Uitspraak 201307685/3/R2


Volledige tekst

201307685/3/R2.
Datum uitspraak: 25 maart 2014

AFDELING
BESTUURSRECHTSPRAAK

Uitspraak op het verzet (artikel 8:55 van de Algemene wet bestuursrecht (hierna: de Awb)) van:

[opposant A] en [opposant B] (hierna in enkelvoud: [opposant]), wonend te Raamsdonk, gemeente Geertruidenberg,
opposanten,

tegen de uitspraak van de Afdeling van 2 december 2013 in zaak nr. 201307685/2/R2.

Procesverloop

Bij uitspraak van 2 december 2013, in zaak nr. 201307685/2/R2, heeft de Afdeling na vereenvoudigde behandeling het beroep ongegrond verklaard. De uitspraak is aangehecht.

Tegen deze uitspraak heeft [opposant] bij brief, bij de Raad van State ingekomen op 5 december 2013, verzet gedaan.

De zaak is door een meervoudige kamer van de Afdeling verwezen naar een enkelvoudige.

Overwegingen

1. Ingevolge artikel 8:69a van de Algemene wet bestuursrecht (hierna: Awb) vernietigt de bestuursrechter een besluit niet op de grond dat het in strijd is met een geschreven of ongeschreven rechtsregel of een algemeen rechtsbeginsel, indien deze regel of dit beginsel kennelijk niet strekt tot bescherming van de belangen van degene die zich daarop beroept.

2. Bij de uitspraak waarvan verzet is het beroep van [opposant] tegen een besluit omtrent een salderingsreservering in het kader van de Verordening Stikstof en Natura 2000 Noord-Brabant (hierna: stikstofverordening) ongegrond verklaard.

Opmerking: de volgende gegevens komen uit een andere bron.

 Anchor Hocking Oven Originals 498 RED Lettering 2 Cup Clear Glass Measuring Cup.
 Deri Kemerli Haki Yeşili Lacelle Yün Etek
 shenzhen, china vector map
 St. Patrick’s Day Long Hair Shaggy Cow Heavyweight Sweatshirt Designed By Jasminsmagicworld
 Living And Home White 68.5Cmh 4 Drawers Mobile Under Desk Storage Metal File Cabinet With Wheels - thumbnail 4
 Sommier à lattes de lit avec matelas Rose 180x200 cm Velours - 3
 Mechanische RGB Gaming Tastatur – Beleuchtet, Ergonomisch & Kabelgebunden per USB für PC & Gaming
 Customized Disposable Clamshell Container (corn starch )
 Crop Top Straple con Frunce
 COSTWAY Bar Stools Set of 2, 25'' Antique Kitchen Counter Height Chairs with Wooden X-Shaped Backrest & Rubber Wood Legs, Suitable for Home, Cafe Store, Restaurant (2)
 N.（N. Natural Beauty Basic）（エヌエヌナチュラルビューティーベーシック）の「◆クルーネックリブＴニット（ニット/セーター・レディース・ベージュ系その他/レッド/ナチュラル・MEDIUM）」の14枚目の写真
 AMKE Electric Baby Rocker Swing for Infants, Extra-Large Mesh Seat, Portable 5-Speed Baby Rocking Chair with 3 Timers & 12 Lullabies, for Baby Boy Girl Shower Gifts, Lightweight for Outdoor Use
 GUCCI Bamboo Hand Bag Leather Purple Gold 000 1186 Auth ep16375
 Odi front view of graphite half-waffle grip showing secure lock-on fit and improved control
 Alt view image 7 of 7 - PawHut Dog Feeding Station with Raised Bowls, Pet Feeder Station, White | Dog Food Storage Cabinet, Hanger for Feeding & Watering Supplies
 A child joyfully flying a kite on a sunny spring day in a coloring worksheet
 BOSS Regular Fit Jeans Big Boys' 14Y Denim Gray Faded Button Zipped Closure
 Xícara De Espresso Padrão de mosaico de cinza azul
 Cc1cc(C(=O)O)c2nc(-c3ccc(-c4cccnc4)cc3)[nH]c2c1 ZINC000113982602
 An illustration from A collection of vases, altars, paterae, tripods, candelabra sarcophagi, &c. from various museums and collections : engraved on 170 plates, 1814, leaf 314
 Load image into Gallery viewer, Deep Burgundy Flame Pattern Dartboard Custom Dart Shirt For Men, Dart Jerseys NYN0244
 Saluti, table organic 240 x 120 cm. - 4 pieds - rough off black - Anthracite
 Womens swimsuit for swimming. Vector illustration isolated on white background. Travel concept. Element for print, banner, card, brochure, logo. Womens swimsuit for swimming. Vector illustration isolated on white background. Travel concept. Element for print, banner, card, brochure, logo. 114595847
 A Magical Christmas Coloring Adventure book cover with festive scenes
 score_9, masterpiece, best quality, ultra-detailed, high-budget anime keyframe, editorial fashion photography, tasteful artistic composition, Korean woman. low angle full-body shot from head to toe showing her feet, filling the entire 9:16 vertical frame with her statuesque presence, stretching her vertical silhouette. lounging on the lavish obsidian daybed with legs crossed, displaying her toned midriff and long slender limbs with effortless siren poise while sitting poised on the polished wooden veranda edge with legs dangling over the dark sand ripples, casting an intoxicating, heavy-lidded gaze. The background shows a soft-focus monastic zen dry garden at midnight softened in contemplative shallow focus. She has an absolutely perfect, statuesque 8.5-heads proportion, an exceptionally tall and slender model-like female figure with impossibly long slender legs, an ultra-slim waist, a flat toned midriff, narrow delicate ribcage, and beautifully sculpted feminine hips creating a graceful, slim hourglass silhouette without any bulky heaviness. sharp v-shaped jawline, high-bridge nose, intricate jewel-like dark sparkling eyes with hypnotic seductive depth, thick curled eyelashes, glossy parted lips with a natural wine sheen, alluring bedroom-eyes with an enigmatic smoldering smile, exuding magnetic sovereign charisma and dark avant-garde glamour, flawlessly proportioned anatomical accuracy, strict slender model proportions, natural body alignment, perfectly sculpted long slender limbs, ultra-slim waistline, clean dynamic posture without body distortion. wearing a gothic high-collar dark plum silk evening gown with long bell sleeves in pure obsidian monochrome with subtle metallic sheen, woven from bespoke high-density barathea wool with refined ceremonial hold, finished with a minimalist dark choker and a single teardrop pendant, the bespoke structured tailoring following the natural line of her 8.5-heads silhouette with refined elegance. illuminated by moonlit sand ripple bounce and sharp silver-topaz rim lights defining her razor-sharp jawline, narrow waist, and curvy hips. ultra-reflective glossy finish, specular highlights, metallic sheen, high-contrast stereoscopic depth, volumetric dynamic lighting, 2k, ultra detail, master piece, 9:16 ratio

De Afdeling overwoog dat met de stikstofverordening wordt beoogd de stikstofdepositie op Natura 2000-gebieden in Noord-Brabant terug te dringen onder meer door het stellen van technische eisen aan stallen en door het stellen van stikstofdepositie-eisen aan agrarische bedrijven. De bepalingen van de stikstofverordening hebben derhalve met name ten doel om het algemene belang van bescherming van natuurwaarden in Natura 2000-gebieden te beschermen.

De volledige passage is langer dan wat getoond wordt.